A Proven Solution for Dropout Prevention
Dropout prevention is the key to raising the graduation rate. Most of the time when students dropout they never go back to school. In this day and age students are expected to graduate high school and be prepared to go into the work force, enter further education or enlist in the military. If students do not do this they are less likely to become a productive member of society. Yet, research says nearly 25% of America’s youth are not completing high school on time. The dropout rate in low-income communities is much higher. Consequently, these young people are not prepared for future success.

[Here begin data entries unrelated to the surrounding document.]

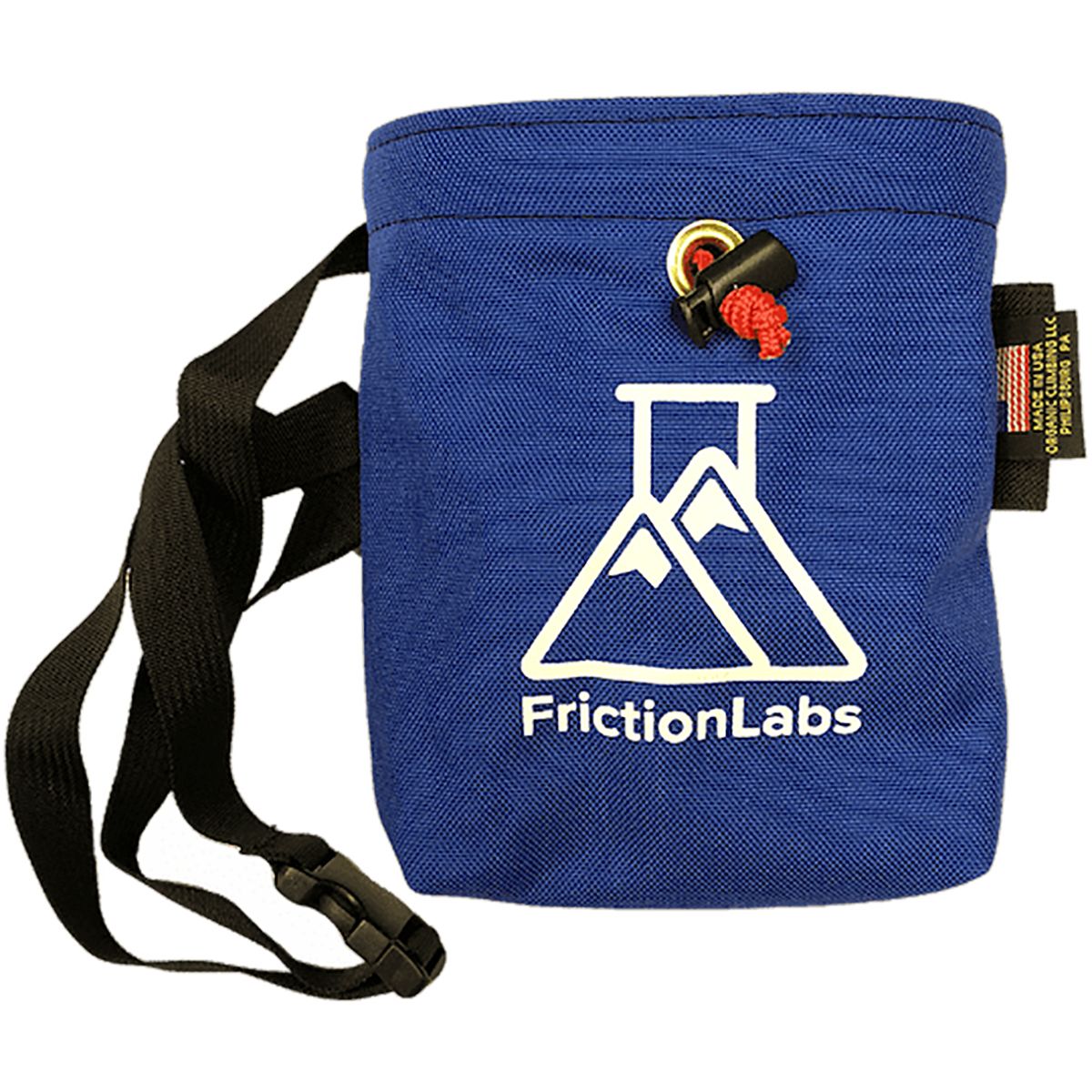 Friction Labs Chalk Bag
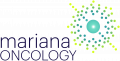 Mariana Oncology Logo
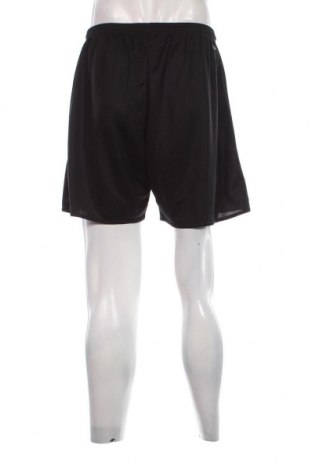 Herren Shorts Adidas, Größe XL, Farbe Schwarz, Preis € 22,48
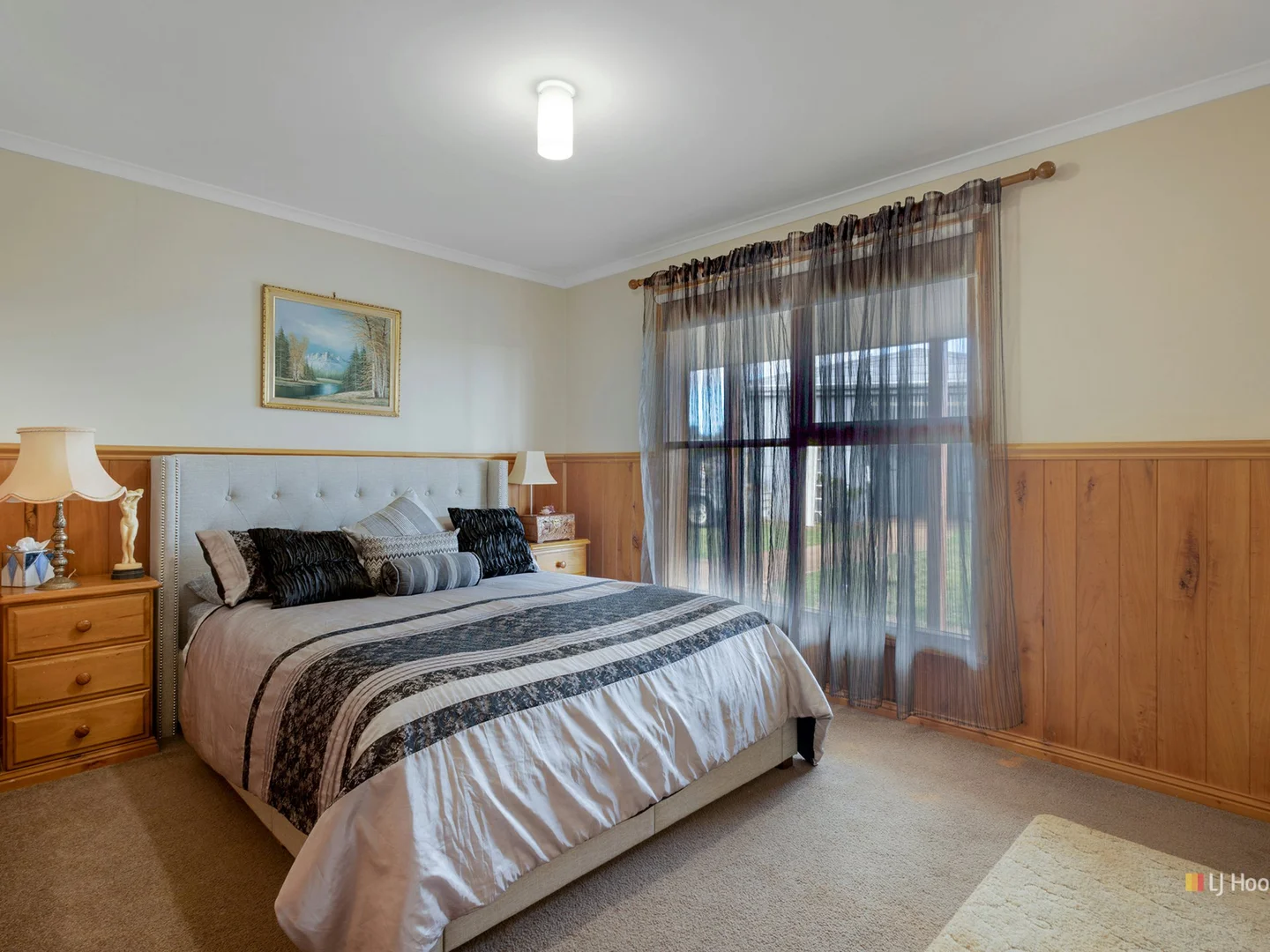 Additional image 14 of 128 Coates Road, Mount Hicks TAS 7325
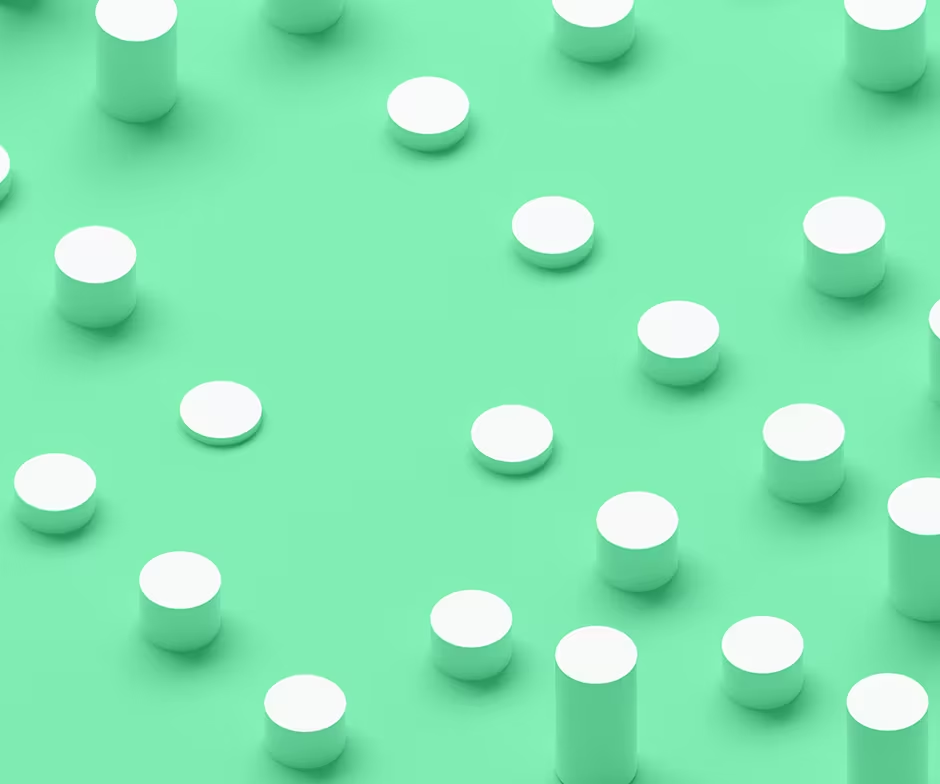 SnapMirror Data Replication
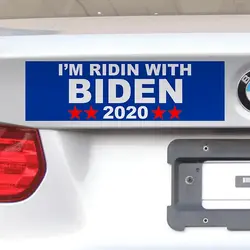 ridin-with-biden-bumpersticker.webp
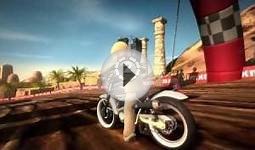 Dirt bike games | BEST GAMES REVIEW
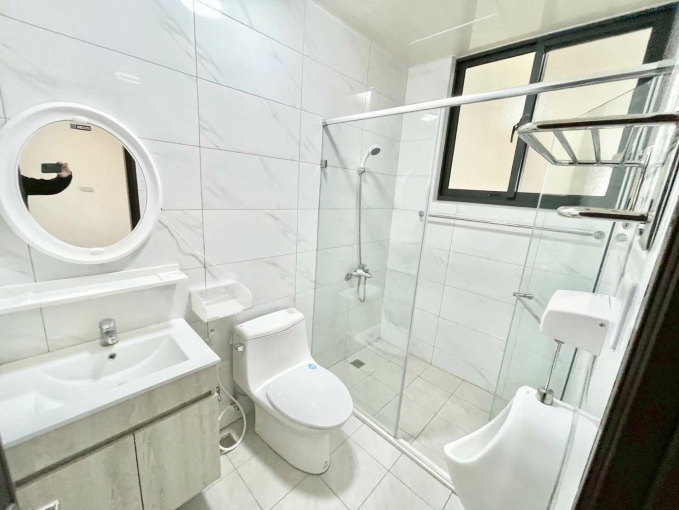 🔥北屯超極大間🔥電梯套房🔥陽台獨洗🔥近四張犁國小 - Image 3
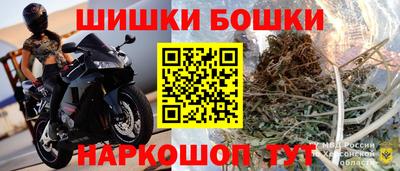 a pvp Рязань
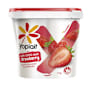 Yoplait Yoghurt Strawberry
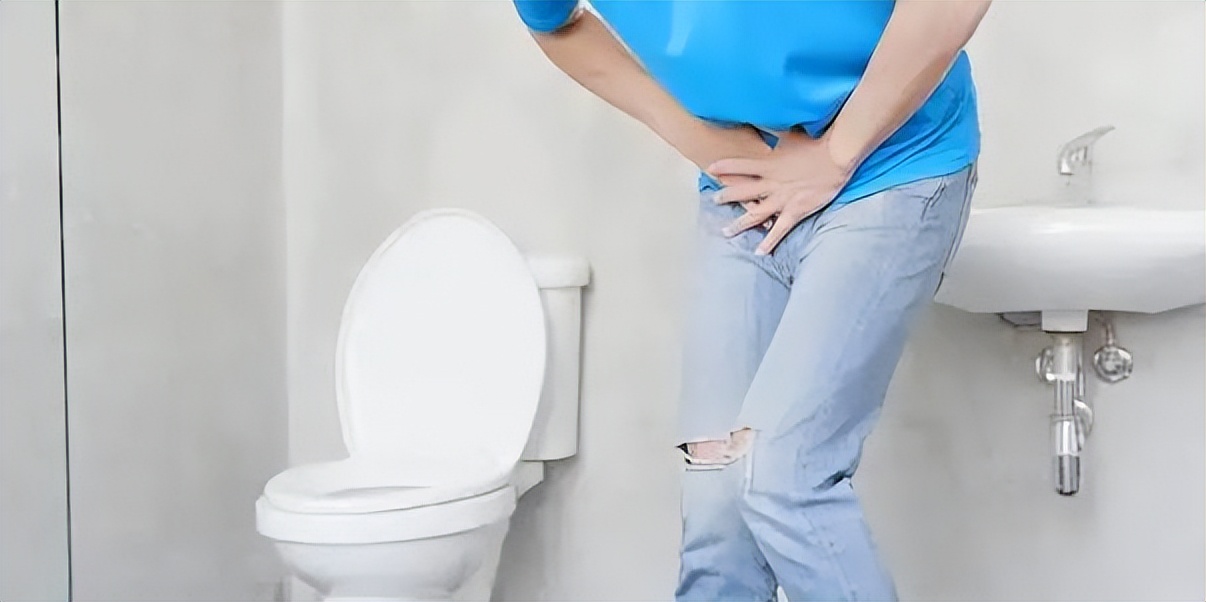 只通过性传播的病,哪些病是通过性传播的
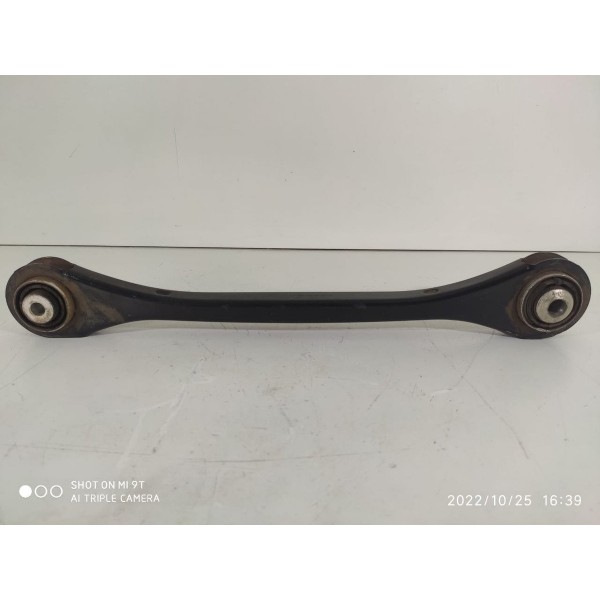 Bieleta Audi Q5 Traseira Direita 2018/2023 80a505292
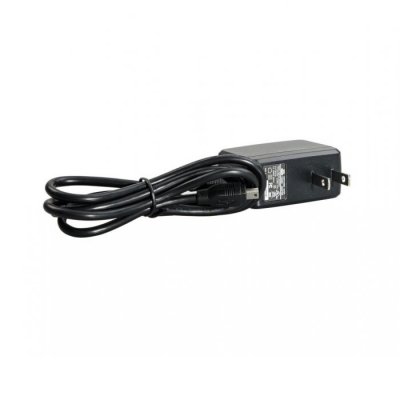AC DC Power Adapter Wall Charger for Autel MaxiCOM MK808S MK808Z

The main reasons provided by the students for dropping out of school are well documented over the last 10 years. The main reason focus on students not be satisfied with school policies and practices. In addition, students in high-risk circumstances demonstrate a high disengagement with school. This sometimes starts at a very young age. Sometimes this happens even before starting school. These are the most common reasons provided by students:
- I do not like school.
- I do not like the teachers.
- The material being covered was of no value to me.
- I have family issues.
The National Dropout Prevention Center at Clemson University has identified and extensive set of risk factors associated with dropping out of school. These risk factors are organized into four domains: Individual (student) Factors, Family Factors, School Factors, and Community factors. The student factors include lack of future orientation, low academic achievement levels, low attendance, and special learning needs. The family factors include low socioeconomic status, low expectations for schooling, and mobility of family, and language and literacy levels of the family. School factors include lack of alternatives for learning opportunities, no individual learning plans for students, unfair behavior and disciplines issues, and retention policies. The community factors includes lack of community involvement, lack of support for schools, high levels of violence and drug abuse, and few recreational facilities. Unfortunately, there is no one answer to reduce the unacceptably high dropout rate across America. A wide range of strategies are needed to improve the high school graduation rate. One of the promising tools that is being used is quality afterschool and summer learning programs. These after school and summer learning programs are aligned with effective, research-based dropout prevention programs. These initiatives can be integrated in order to generate increase school attendance, continued student academic gains and improved behavioral patterns, all leading to increased graduation rate.